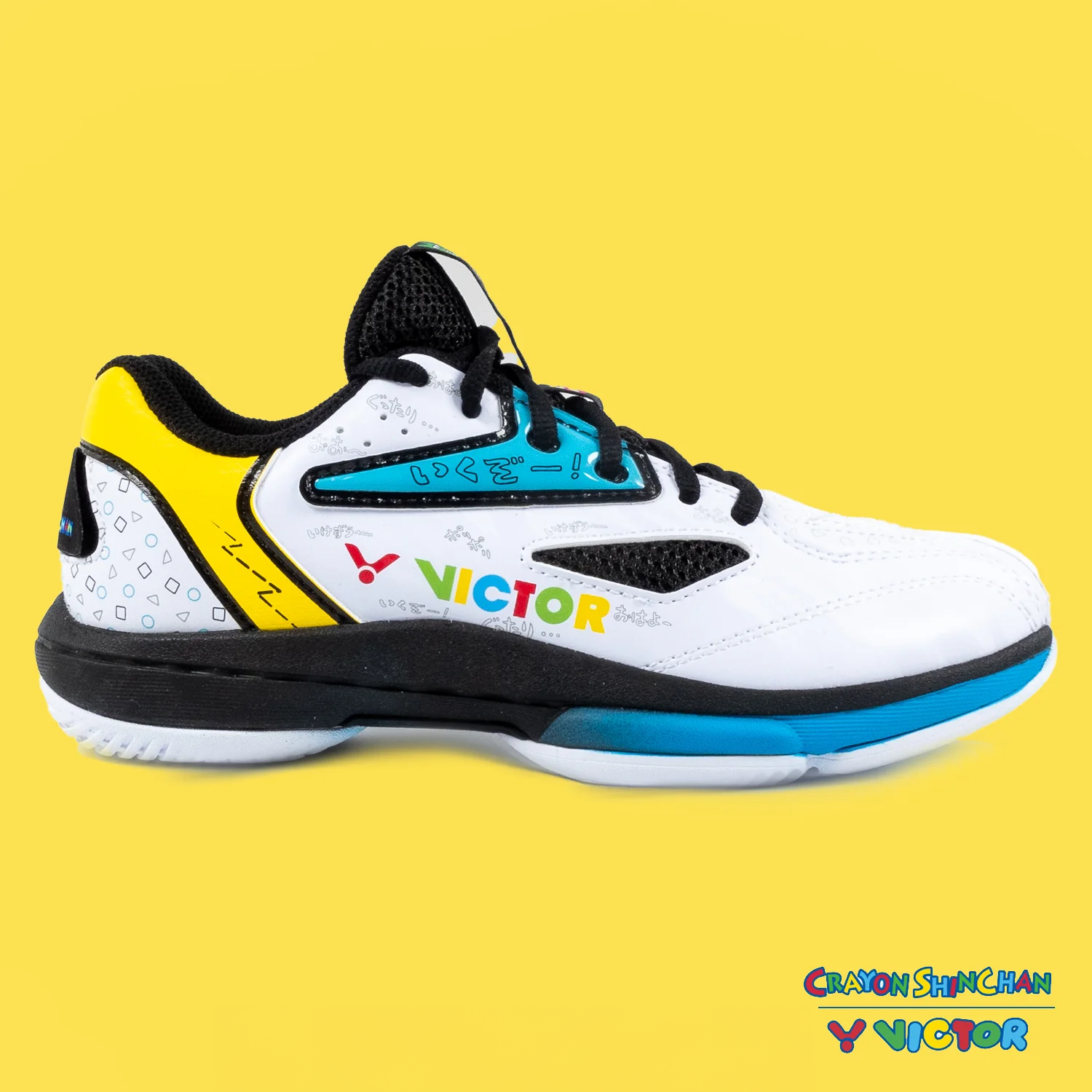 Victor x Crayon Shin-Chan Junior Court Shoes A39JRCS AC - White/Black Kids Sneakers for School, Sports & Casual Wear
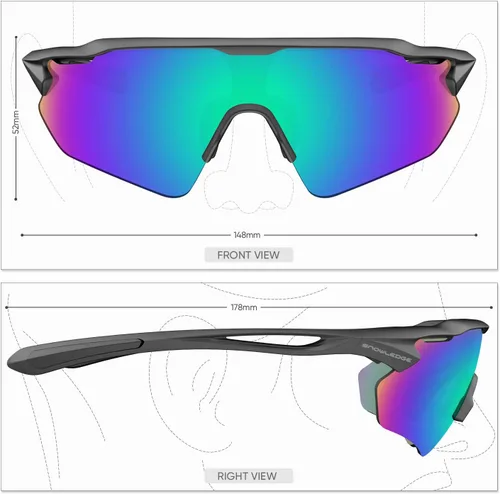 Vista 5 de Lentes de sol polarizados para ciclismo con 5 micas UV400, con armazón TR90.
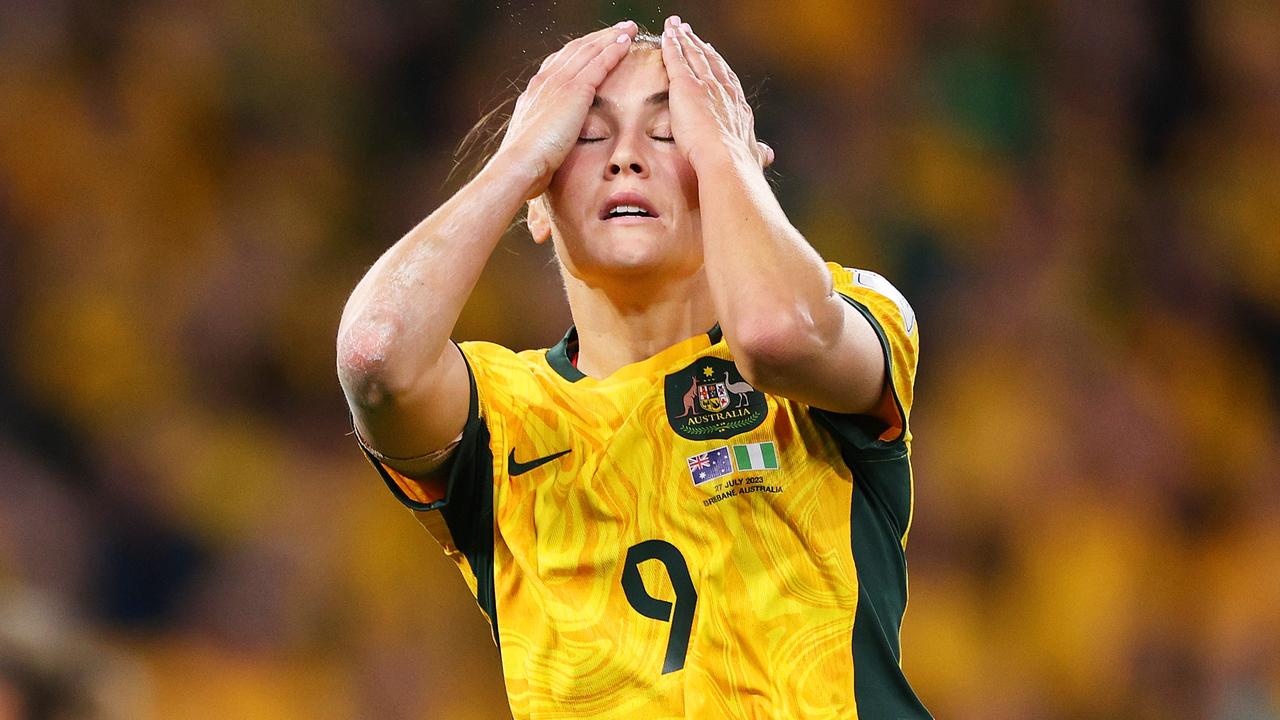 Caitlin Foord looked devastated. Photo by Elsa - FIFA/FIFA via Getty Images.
-*-
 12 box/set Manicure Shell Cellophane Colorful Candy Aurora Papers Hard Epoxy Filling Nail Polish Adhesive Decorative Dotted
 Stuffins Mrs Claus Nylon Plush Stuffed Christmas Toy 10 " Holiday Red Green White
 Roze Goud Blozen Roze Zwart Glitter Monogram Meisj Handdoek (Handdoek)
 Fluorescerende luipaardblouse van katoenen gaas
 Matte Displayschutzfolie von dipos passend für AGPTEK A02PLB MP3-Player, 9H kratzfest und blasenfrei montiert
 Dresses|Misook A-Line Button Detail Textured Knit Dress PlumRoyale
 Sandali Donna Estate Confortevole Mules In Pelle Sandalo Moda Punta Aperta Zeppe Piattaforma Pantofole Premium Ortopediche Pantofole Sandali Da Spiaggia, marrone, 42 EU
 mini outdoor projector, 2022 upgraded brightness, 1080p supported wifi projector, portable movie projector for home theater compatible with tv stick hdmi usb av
-*-
* About this exercise *
From the records above, quote only the lines running from the line with "Fluorescerende luipaardblouse van" to the line with "mini outdoor projector, 2022", both lines included.

* Task result *
 Fluorescerende luipaardblouse van katoenen gaas
 Matte Displayschutzfolie von dipos passend für AGPTEK A02PLB MP3-Player, 9H kratzfest und blasenfrei montiert
 Dresses|Misook A-Line Button Detail Textured Knit Dress PlumRoyale
 Sandali Donna Estate Confortevole Mules In Pelle Sandalo Moda Punta Aperta Zeppe Piattaforma Pantofole Premium Ortopediche Pantofole Sandali Da Spiaggia, marrone, 42 EU
 mini outdoor projector, 2022 upgraded brightness, 1080p supported wifi projector, portable movie projector for home theater compatible with tv stick hdmi usb av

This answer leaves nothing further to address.